**TASK**
Can the lines below, from the one that holds "التحالف يقصف تعزيزات حوثية إلى الساحل الغربي" to the very end, be echoed exactly, with both ends included and no pictures?

**DATA SEGMENT**
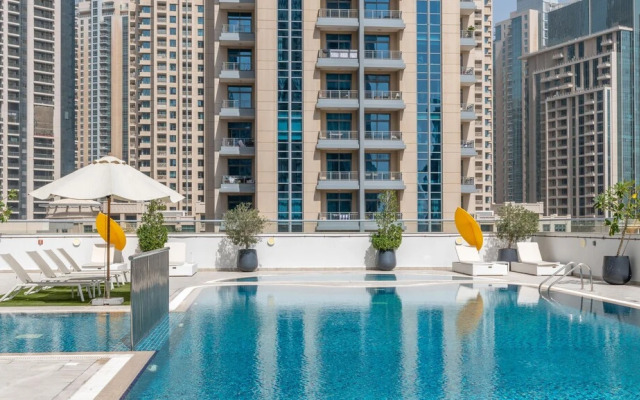 Dream Inn - Bahwan Tower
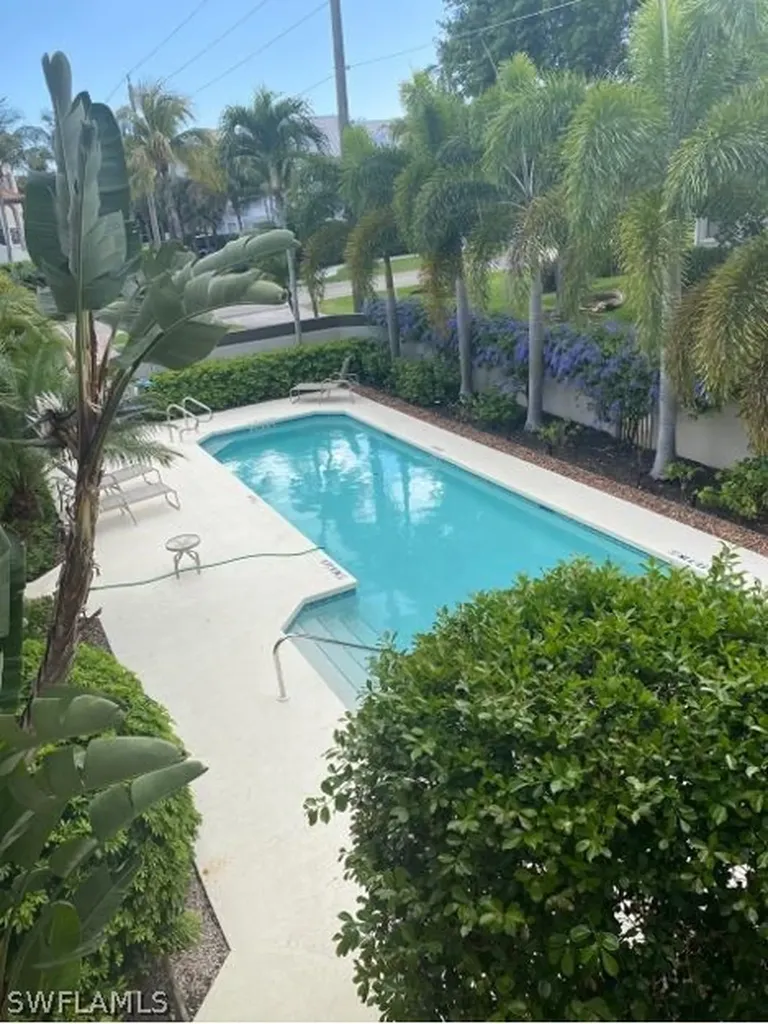 653 10th Avenue S Naples FL 34102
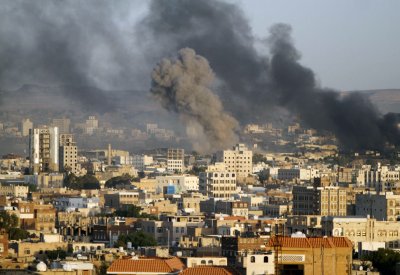 التحالف يقصف تعزيزات حوثية إلى الساحل الغربي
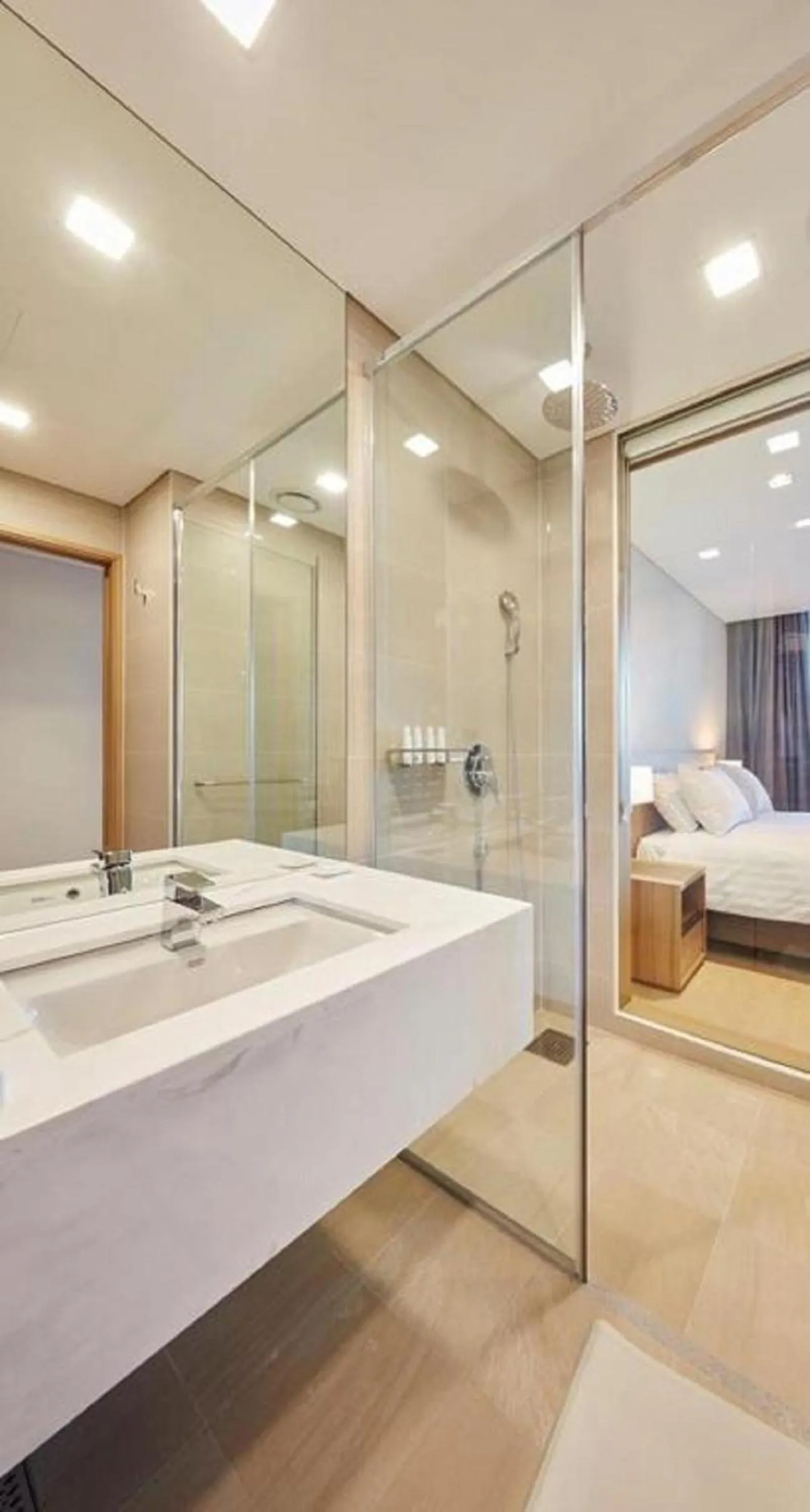 Bathroom, Bed in Skybay Hotel Gyeongpo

**EXERCISE OUTPUT**
 التحالف يقصف تعزيزات حوثية إلى الساحل الغربي
 Bathroom, Bed in Skybay Hotel Gyeongpo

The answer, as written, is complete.